Призрачность – это форма жизни. Жизни загробной или дополнительной, которая начинается тогда, когда всё кончено, и которая, следовательно, по сравнению с собственно жизнью обладает необычайной утончённостью и изысканностью завершённости, искусностью и точностью, присущей тому, кому больше ничего не предстоит. Именно такие создания научился видеть в Венеции Генри Джеймс (в своих рассказах о привидениях он сравнивал их с сильфидами и эльфами): они столь неприметны и неуловимы, что сами живые то и дело захватывают их жилища и врываются в их укрытия.

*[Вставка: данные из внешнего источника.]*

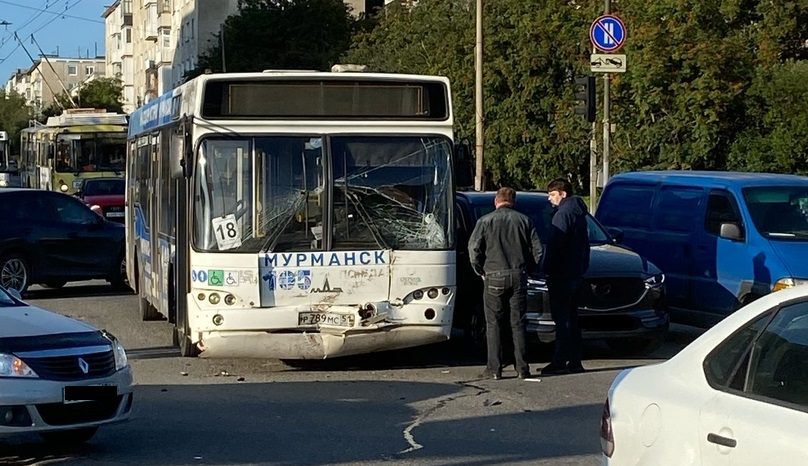 В Мурманске на перекрестке разбился автобус №18 ДТП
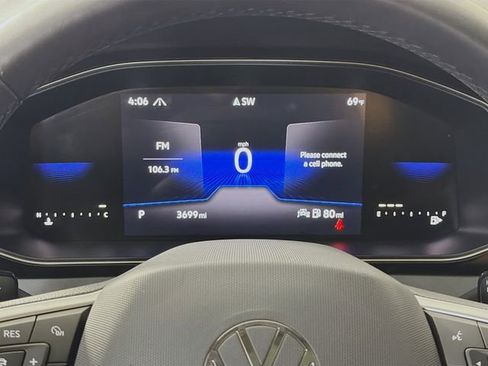 Used 2025 Volkswagen Jetta SE w/ Sunroof Package image 13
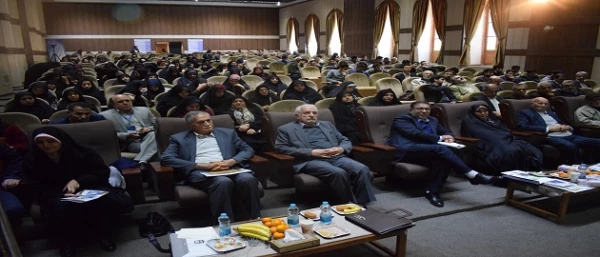 دکتر طاهر روشندل اربطانی معاون آموزشی دانشگاه در مراسم نکوداشت صد سالگی تربیت معلم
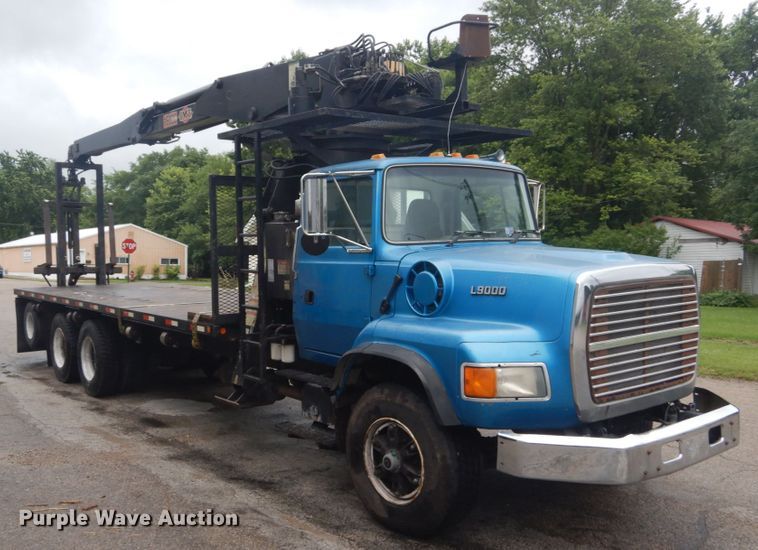 image for item JI9626 1995 Ford LTS9000  crane truck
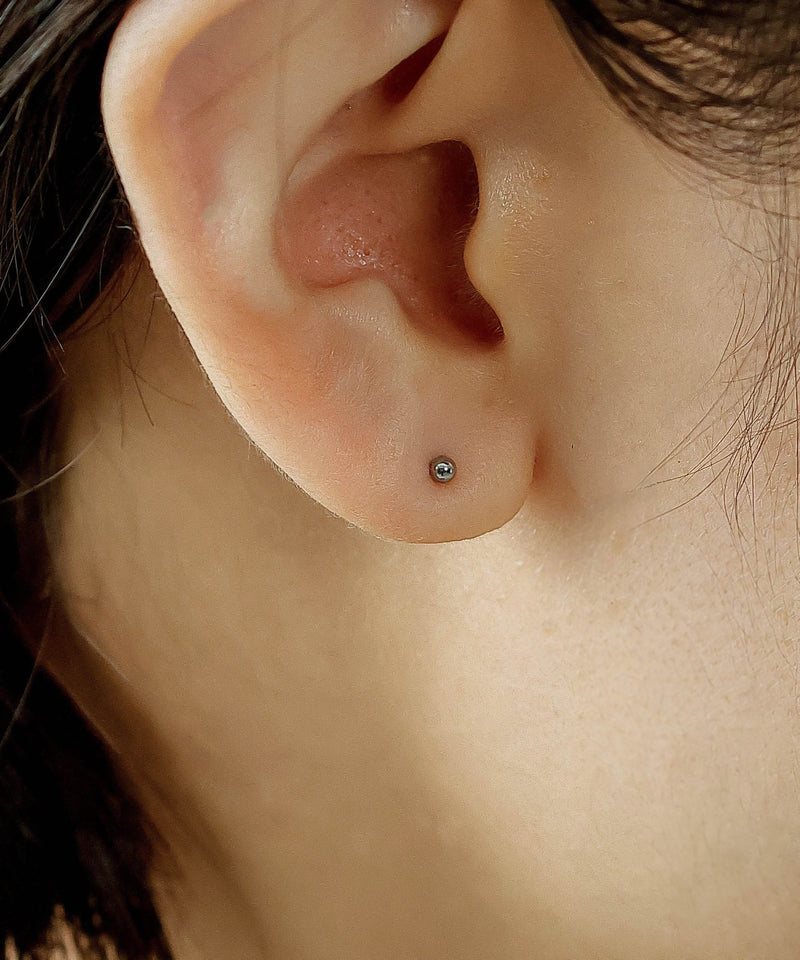 カラー：シルバー　サイズ：2mm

Но существует и призрачность иного вида, которую мы называем личиночной или зачаточной: она возникает у тех, кто не приемлет собственное состояние, пытается избавиться от него, всеми силами делая вид, что наделён весом и плотью. Эти личинки не могут жить в одиночестве и настойчиво ищут тех людей, чья нечистая совесть их породила. Они преследуют их, как дурные сны или кошмары, и изнутри управляют их бездыханными конечностями, дёргая за ниточки лжи. И если первый вид призраков совершенен, потому как им нечего больше прибавить к сказанному и сделанному, то личинкам приходится придумывать себе несуществующее будущее, чтобы в реальности освободить место для гнева в адрес собственного прошлого, неспособности принять свой конец.

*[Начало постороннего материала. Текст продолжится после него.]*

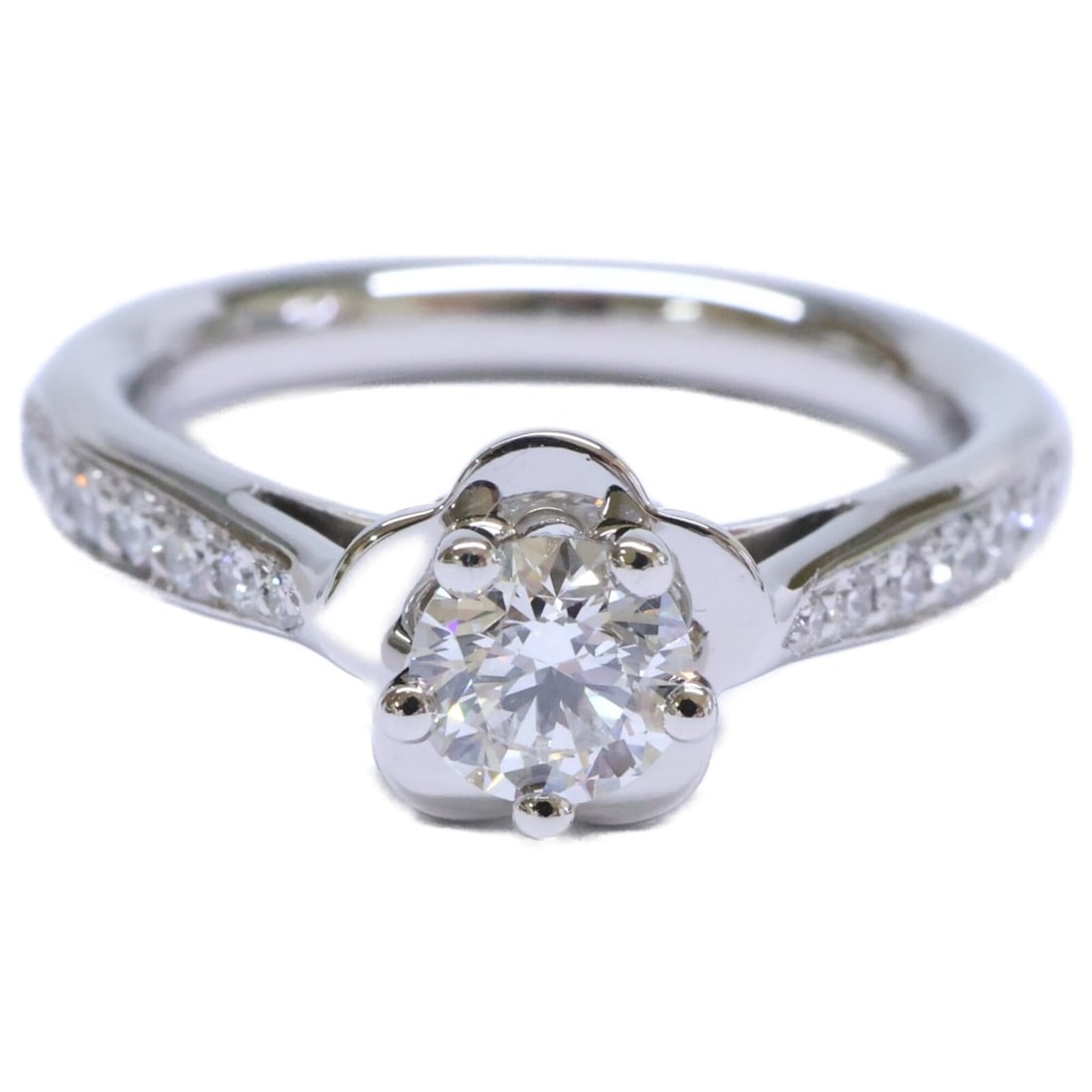 CHANEL (Chanel) Newly polished Pt950 CMLA Soli Pave 0.32ct Camellia Half Eternity Ring, Size 45,: --- Catalog ---Category: SizeUS Size: 3.5Brand Size: 45Category: DesignType: Band ringGender: WomenMaterial: Platinum 950Category: GeneralBrand: Chanel--- Item List ---Section: ConditionRanking: Rank 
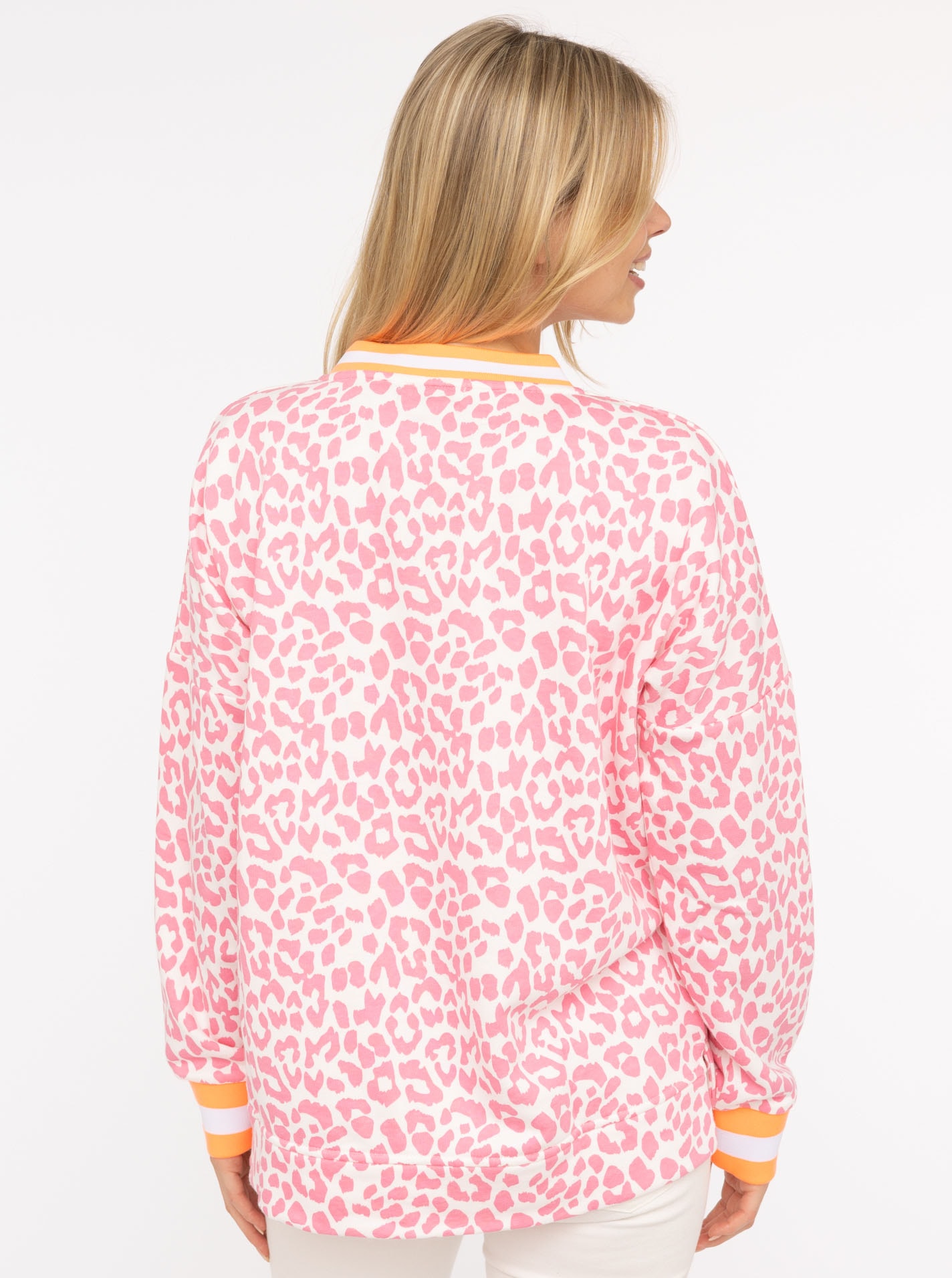 Zwillingsherz Sweatshirt »"Leo Pastell"«, mit V-Ausschnitt, gestreiften Bündchen und WILD Applikation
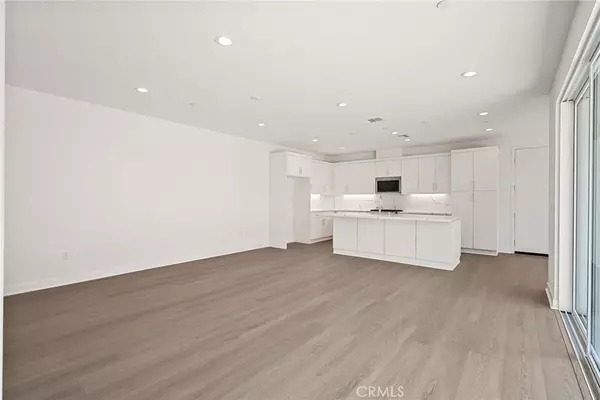 Palm Desert, CA 92211,36354 Warren DR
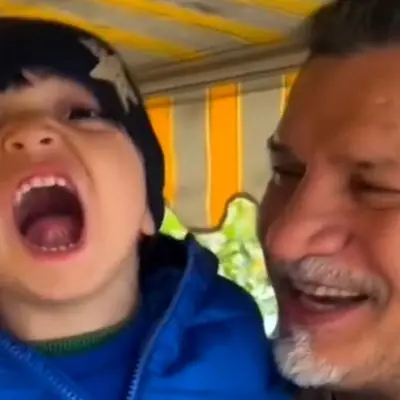 علی دایی و پسر بچه بامزه؛ جمله شوکه‌کننده او: «عین بابات دیوونه‌ای!» + فیلم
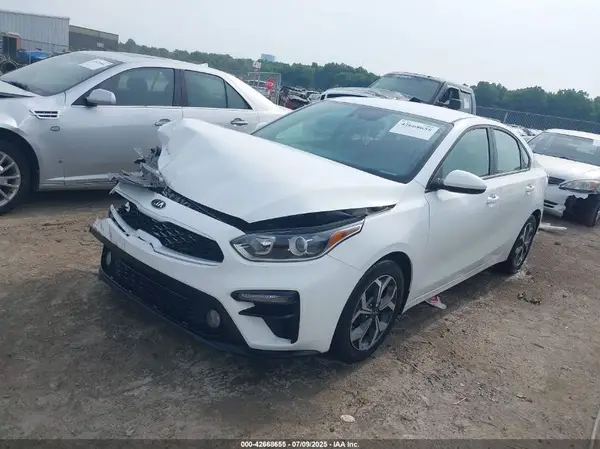 3KPF24AD2ME409093 2021 KIA FORTE - Image 2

Ингеборг Бахман однажды сравнила язык с городом, где есть и старый центр, и более современные районы, и окраины, и, наконец, кольцевые дороги и автозаправки, которые тоже являются частью города. Город и язык таят в себе одинаковую утопию и одинаковые руины: мы мечтаем о себе и теряем себя в своём городе так же, как и в родном языке, и оба они – всего лишь форма этой мечты и этой потерянности. Если сравнивать Венецию с языком, то жить в Венеции – то же самое, что учить латынь, пытаясь по слогам говорить на мёртвом языке, учась теряться и находить дорогу в узких закоулках склонений и в неожиданных проблесках супина и инфинитивов будущего времени. При этом нельзя забывать, что язык ни в коем случае не следует называть мёртвым, ибо ему всё ещё удаётся как-то с нами говорить, а мы в свою очередь на нём читаем; единственное, что кажется невозможным – или почти невозможным, – это представить себя в нём субъектом, тем, кто говорит «я». По сути, мёртвый язык, как и Венеция, – язык призрачный, на нём не говорят, но он по-своему пульсирует, подаёт знаки и шепчет, а мы, хотя и с трудом, не без помощи словаря, всё-таки понимаем и расшифровываем его. Но с кем же мёртвый язык разговаривает? К кому обращается призрак языка? Конечно, не к нам, но и не к своим собеседникам из далёких времён, коих он уже и не помнит. Однако именно поэтому кажется, будто он заговорил впервые: сей язык, о котором философ – не осознавая, что тем самым подчёркивает его призрачную сущность – сказал: он говорит – не мы.